Où fait-il bon travailler quand on est LGBT+ en France ?
A travers une enquête et des témoignages de collaborateurs et collaboratrices LGBT+ et allié(e)s, l’Autre Cercle liste les environnements de travail les plus propices à l’inclusion de ces salariés.

A l’occasion de la journée du coming out, le 11 octobre, l’association L’Autre Cercle, qui œuvre pour une meilleure inclusion des personnes LGBT+ dans le monde du travail, a dévoilé les résultats d’une enquête dessinant les lieux de travail les plus inclusifs pour les membre de cette communauté.

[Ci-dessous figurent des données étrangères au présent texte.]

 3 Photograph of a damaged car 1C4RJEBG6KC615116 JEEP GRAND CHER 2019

Les grandes villes : l’anonymat de la foule et des lieux de sociabilité LGBT+
Pour 65% des personnes interrogées, il est facile, en tant que membre de la communauté LGBT+ de travailler dans une grande agglomération. Ce chiffre chute à 35% lorsqu’il s’agit de travailler dans une petite commune.

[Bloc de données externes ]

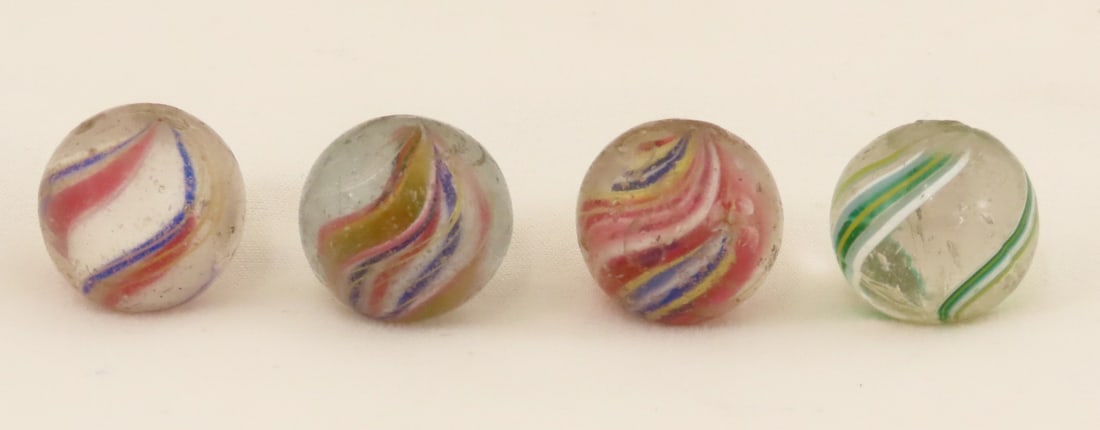 4 3/4" Handmade Marbles (1 of 19)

Pourquoi un tel écart ? Pour la sociologue Sarah Jean-Jacques, « il y a un continuum entre l’espace public et l’espace professionnel. Plus le bassin d’emploi est petit et plus la frontière est ténue entre vie pro et vie perso ». Dans ces petites villes, où l’on côtoie souvent le même cercle au travail et en-dehors, il est compréhensible qu’on choisisse de cacher son appartenance à la communauté LGBT+, si on sent que le terrain est hostile.
Cette hostilité se manifeste différemment d’une ville à l’autre, témoigne Maud Grenier, fondatrice et dirigeante de PeoplePro : « A Paris, on peut plus facilement passer inaperçues, même si on s’est déjà fait siffler avec ma femme. Mais à Angoulême, une ville de 42 000 habitants, on sent tous les regards braqués sur nous, ça passe plus par les non-dits. Il y a aussi beaucoup moins de lieux de vie LGBT+ que dans les grandes métropoles : cafés, librairies… »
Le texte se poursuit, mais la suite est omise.